Since the type of $bib0 is
Bib, the best type for
$bib0/book/author is one listing zero or more authors,
even though for the given value of $bib0, the expression will
always contain exactly five authors.
Its also possible to project on attributes. This expression
produces the year attribute of $book0 whose
type is ATTRIBUTE year (xs:string).
$book0/@year ==> ATTRIBUTE year "1999" : ATTRIBUTE year (xs:string)
One may access simple data (strings, integers, or booleans) using
the keyword data(). For instance, if we wish to select all
author names in a book, rather than all author elements, we could
write the following.
$book0/author/data()
==> ("Abiteboul",
"Buneman",
"Suciu")
: xs:string+
Similarly, it is possible to project the simple values of attributes. The following returns the year the book was published.
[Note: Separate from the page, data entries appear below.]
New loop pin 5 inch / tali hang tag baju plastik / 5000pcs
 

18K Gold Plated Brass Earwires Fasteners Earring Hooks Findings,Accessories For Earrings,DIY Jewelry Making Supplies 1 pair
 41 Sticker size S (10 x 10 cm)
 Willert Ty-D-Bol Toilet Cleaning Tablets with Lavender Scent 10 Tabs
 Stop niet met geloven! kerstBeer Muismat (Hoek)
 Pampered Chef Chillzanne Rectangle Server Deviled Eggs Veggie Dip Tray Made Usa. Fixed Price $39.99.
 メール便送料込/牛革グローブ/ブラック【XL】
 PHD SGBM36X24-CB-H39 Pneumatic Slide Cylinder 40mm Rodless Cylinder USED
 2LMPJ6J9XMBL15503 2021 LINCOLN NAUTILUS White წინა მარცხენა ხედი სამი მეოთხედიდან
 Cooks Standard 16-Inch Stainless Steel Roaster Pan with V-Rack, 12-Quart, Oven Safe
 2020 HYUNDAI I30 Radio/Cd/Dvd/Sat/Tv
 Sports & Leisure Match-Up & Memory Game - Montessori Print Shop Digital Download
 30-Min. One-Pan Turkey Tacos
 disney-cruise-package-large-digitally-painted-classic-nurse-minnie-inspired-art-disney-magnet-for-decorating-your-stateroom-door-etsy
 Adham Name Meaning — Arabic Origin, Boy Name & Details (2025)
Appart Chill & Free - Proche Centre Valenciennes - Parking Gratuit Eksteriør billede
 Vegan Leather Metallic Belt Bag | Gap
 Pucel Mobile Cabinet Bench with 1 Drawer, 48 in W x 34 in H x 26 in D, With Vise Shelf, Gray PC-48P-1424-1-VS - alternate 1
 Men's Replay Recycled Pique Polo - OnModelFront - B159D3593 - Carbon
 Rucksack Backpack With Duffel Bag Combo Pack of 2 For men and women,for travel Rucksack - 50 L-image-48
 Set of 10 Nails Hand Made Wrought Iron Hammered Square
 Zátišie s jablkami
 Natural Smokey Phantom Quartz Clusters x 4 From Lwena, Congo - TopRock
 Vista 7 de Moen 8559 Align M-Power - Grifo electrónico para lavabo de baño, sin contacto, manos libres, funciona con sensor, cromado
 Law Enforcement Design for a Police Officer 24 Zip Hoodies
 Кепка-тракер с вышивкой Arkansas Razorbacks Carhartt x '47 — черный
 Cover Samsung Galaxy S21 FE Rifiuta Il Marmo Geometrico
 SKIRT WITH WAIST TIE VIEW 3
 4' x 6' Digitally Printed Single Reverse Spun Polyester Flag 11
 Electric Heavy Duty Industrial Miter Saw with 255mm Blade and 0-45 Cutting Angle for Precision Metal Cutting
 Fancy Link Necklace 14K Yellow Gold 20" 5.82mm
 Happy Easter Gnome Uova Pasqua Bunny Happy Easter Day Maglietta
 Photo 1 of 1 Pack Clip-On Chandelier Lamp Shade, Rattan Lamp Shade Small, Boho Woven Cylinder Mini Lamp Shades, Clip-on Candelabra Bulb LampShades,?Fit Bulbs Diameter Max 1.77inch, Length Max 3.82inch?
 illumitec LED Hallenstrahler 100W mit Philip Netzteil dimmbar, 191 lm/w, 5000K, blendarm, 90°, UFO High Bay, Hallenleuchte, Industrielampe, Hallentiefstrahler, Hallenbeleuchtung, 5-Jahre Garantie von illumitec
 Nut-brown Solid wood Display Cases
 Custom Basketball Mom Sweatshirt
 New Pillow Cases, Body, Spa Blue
$book0/@year/data() ==> 1999 : xs:integer
The data() operator has a similar purpose to the
the text() node test
in XPath 1.0, in that they both project the atomic values in a
document.
In XPath 1.0, text selects the text node
children of an element node, where as in XQuery, data
returns the simple-typed value of the element node.
We chose the keyword data() because, as the second example
shows, not all data items are strings.
Another common operation is to iterate over elements in a document so that their content can be transformed into new content. Here is an example of how to process each book to list the author before the title, and remove the year and isbn.
FOR $b IN $bib0/book RETURN
<book> { $b/author, $b/title } </book>
==> (<book>
<author>Abiteboul</author>
<author>Buneman</author>
<author>Suciu</author>
<title>Data on the Web</author>
</book>,
<book>
<author>Fernandez</author>
<author>Suciu</author>
<title>XML Query</author>
</book>)
: (ELEMENT book(
(ELEMENT author(xs:string))+,
ELEMENT title(xs:string))
)*
The for expression iterates over all
book elements in $bib0, and binds the
variable $b to each such element. For each element
bound to $b, the inner expression constructs a
new book element containing the book's authors followed
by its title. The transformed elements appear in the same order as they occur
in $bib0.
In the result type, a book element is guaranteed
to contain one or more authors followed by one title. Let's look at the
derivation of the result type to see why:
$bib0/book : Book*
$b : Book
$b/author : (ELEMENT author(xs:string))+
$b/title : ELEMENT title (xs:string)
The type system can determine that $b is
always Book, therefore the type
of $b/author is (ELEMENT author(xs:string))+,
and the type of $b/title is ELEMENT title (xs:string).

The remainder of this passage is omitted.